Когда Томилу Слепого постигла воеводская опала и, вопреки обычаю, Собакин вмешался хозяйской рукой в земские выборы, чтобы не допустить Томилу к старшинству, Захарка – Пан Трык – встревожился за себя:
«Посылает мне бог учителей – за батькины грехи, что ли! Одного – на дыбу стащили, другого – в старшины обрать не велят… – размышлял Захарка. – Научишься от такого, а воевода служить не примет – скажет: яблочко от яблони недалече падает!»
Меж тем, оставшись без отца, Захарка нуждался в заработке. Он не любил и не умел терпеть лишений. Чтобы жить в довольстве, он думал жениться на девушке из дворянского звания – Аксюше, дальней родственнице псковского стольника Ордина-Нащекина. Мать Аксюши, дворянская вдова, жила в доме стольника ключницей, а сама Аксюша была крестницей стольника Афанасия Лаврентьевича.
Уже года три Захарка ходил к ним в дом, и его привыкли считать женихом Аксюши. Захаркина мать не раз говорила о том, что стольник не поскупится за крестницей дать приданое, и Захарка мечтал, что после женитьбы заведет себе новенький домик и сад, оденется щеголем да прикопит деньжонок, а там, глядишь, при удаче сумеет, как Шемшаков, давать деньги в рост и жить припеваючи.
Будущая теща полюбила Захарку, по воскресеньям радушно кормила его пирогами, ставила всем в пример его скромность и рассудительность, вежество, прилежанье и ум. Но условием замужества дочери хозяйственная вдова считала успешное начало службы.

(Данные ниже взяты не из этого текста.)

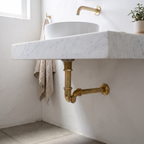 Unlacquered brass P-trap under a floating marble vanity in a bright bathroom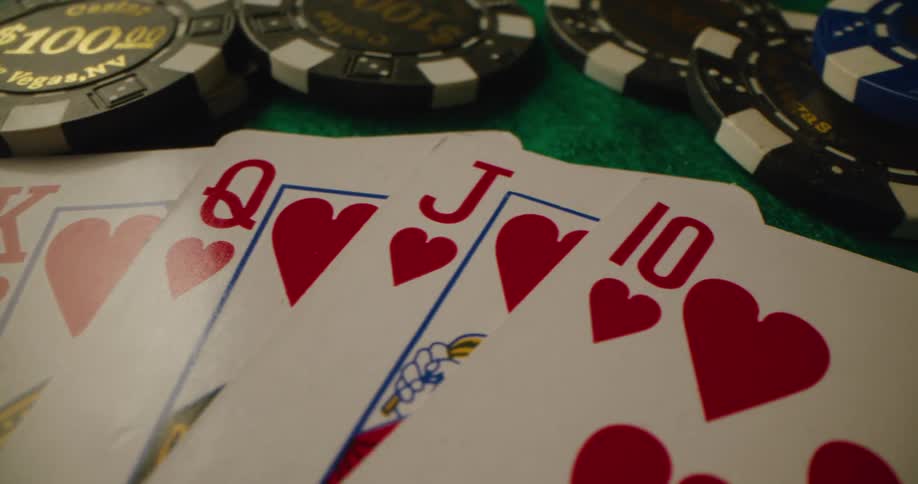 A close up of a table with cards and chips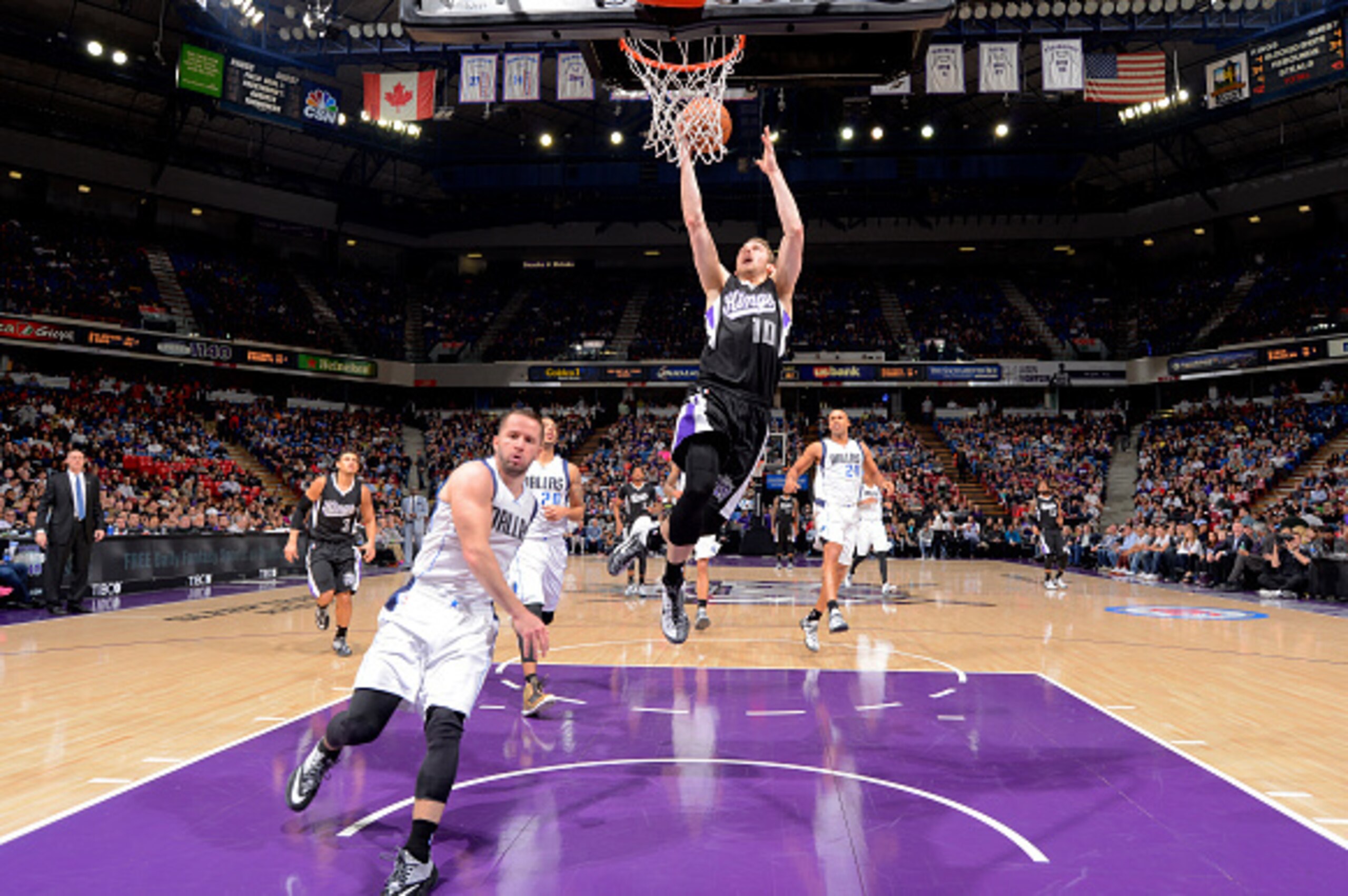 SACRAMENTO, CA - FEBRUARY 5: Nik Stauskas #10 of the Sacramento Kings shoots a layup against the Dallas Mavericks on February 5, 2015 at Sleep Train Arena in Sacramento, California. NOTE TO USER: User expressly acknowledges and agrees that, by downloading
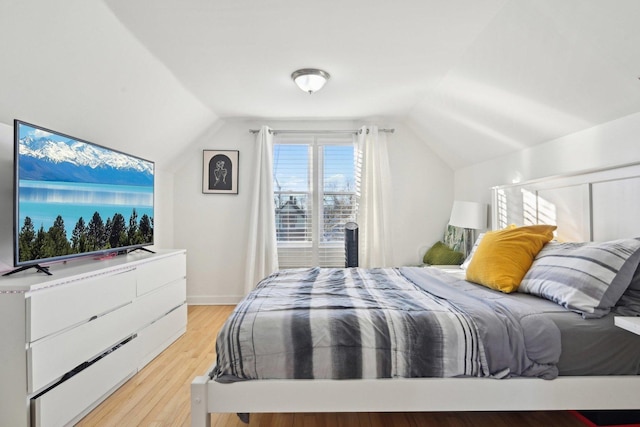 bedroom featuring light wood-type flooring and vaulted ceiling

– Не богата я, на век дочь не смогу обеспечить кормом, а мужа уж присмотрю ей такого, чтобы сам сумел накормить, обуть-приодеть. Аксюша моя хоть не белоручка, да голодом не сидела: и пирожка, и пряничка, и леденцов, и орешков – всего чтобы в доме было! – рассуждала вдова.
Аксюше неплохо жилось в девицах, и она не торопилась в замужество. Почти с детских лет признав жениха в Захарке, она не думала о другом и беспечно грызла орешки да вышивала с сенными девушками стольника. Стольник изредка баловал крестницу недорогими подарками, подхваливал ее пригожесть и говорил, что она Захарке «под стать», но замуж тоже не торопил.
Стольник служил в Москве у государя, отбывал свою очередь, когда вышла беда с Шемшаковым. В Москве же он находился и в то время, когда воевода прогневался на второго учителя Захарки, на Томилу Слепого. Захарка растерялся и был озабочен своей судьбой. Он ждал возвращения стольника из Москвы, чтобы просить его об устройстве на службу, но стольник замешкался при дворе, оставшись от Новгородской чети[128] для составления нового царского Уложения.[129]
– В чести наш батюшка стольник Афанасий Лаврентьич у государя, для всей державы устав составляет, как жить, как правдой судить! – с гордостью говорила Аксюшина мать.
В это время во Псков возвратился после следствия и наказанья плетьми Филипп Шемшаков. Он постарел, осунулся, но по-прежнему был независим, и завелицкая мелкота по-прежнему скидывала перед ним шапку, а церковный староста, выбранный взамен прихожанами, посадский лавочник, тотчас отдал ему ключи от свечного ящика и церковной казны.
– «Ныне отпущаеши раба твоего…» – сказал староста. – Пришлось без тебя потрудиться для храма. А ныне уж ты и снова прими в свои рученьки. А мы за тебя тут богу молились…
И хотя Шемшаков знал, что многие из Завеличья молили бога о гибели его в застенке, но виду не подал, а вскоре начал опять рядить на работу гулящих людей, писать кабалы и заемные письма и брать заклады…
У Шемшакова были многолетние связи с подьячими Приказной избы и в Земской избе, и Захарка подумал, что, возвратясь к нему, он обретет опять надежного учителя и покровителя.
С тех пор как Филипп стал снова церковным старостой, Захарка чаще начал ходить в Успенскую церковь. Встречаясь, он скромно кланялся Шемшакову, но не смел еще с ним заговорить.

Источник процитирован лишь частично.